The United States launched a frantic bid to avert the collapse of Middle East talks ahead of a deadline Sunday, but Palestinian leader Mahmud Abbas said Israel must choose between settlements and peace.
Abbas, who has threatened to quit US-organized negotiations unless Israel extends a moratorium on housing for settlers in the occupied territories, condemned "the mentality of expansion and domination" that he said controls Israel's policies.
The Palestinian leader met US Middle East envoy George Mitchell at a New York hotel before talks with other Arab leaders and then leaving the United States without any sign of a deal.
The US administration also held talks with Israeli leaders, according to US officials.
"We remain engaged with both sides," Crowley added later after Abbas had flown out.
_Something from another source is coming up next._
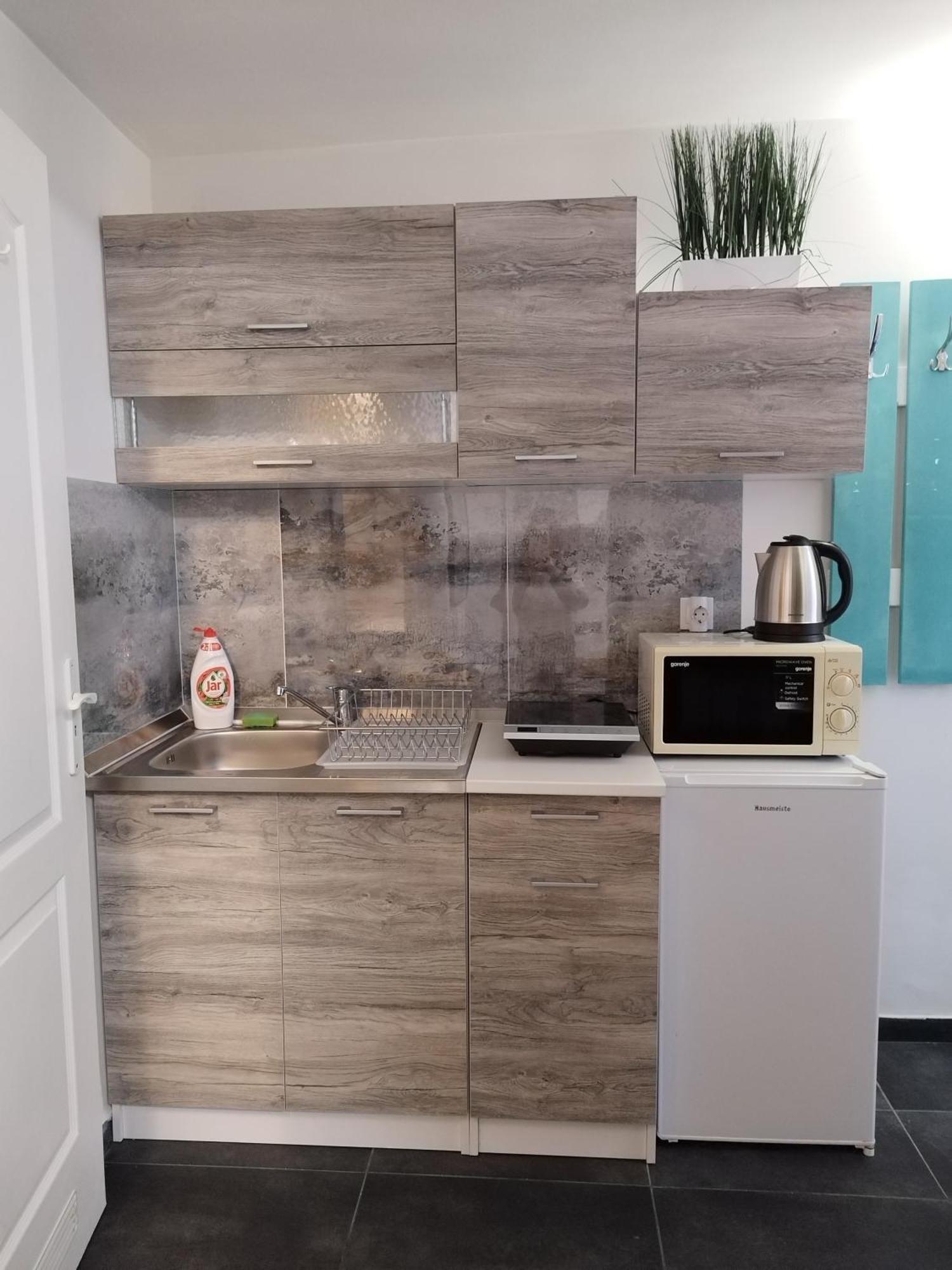 Skyblue Apartment Budapest Luaran gambar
|Israeli soldiers stand near construction machinery in the Jewish settlement of Adom, close to the Israeli-occupied West Bank city of Ramallah|
Israel's freeze on building new settlements in the West Bank expires at midnight on Sunday. The Israeli government has rejected strong international calls to completely halt settlement construction.
A Palestinian spokesman said the United States had vowed to keep up the talks until the last moment.
Abbas met US Secretary of State Hillary Clinton in New York on Friday night. Israel's Defense Minister Ehud Barak and Yitzhak Molcho, Prime Minister Benjamin Netanyahu's point man on the peace talks, were also in New York to aid compromise efforts, Israeli radio reported.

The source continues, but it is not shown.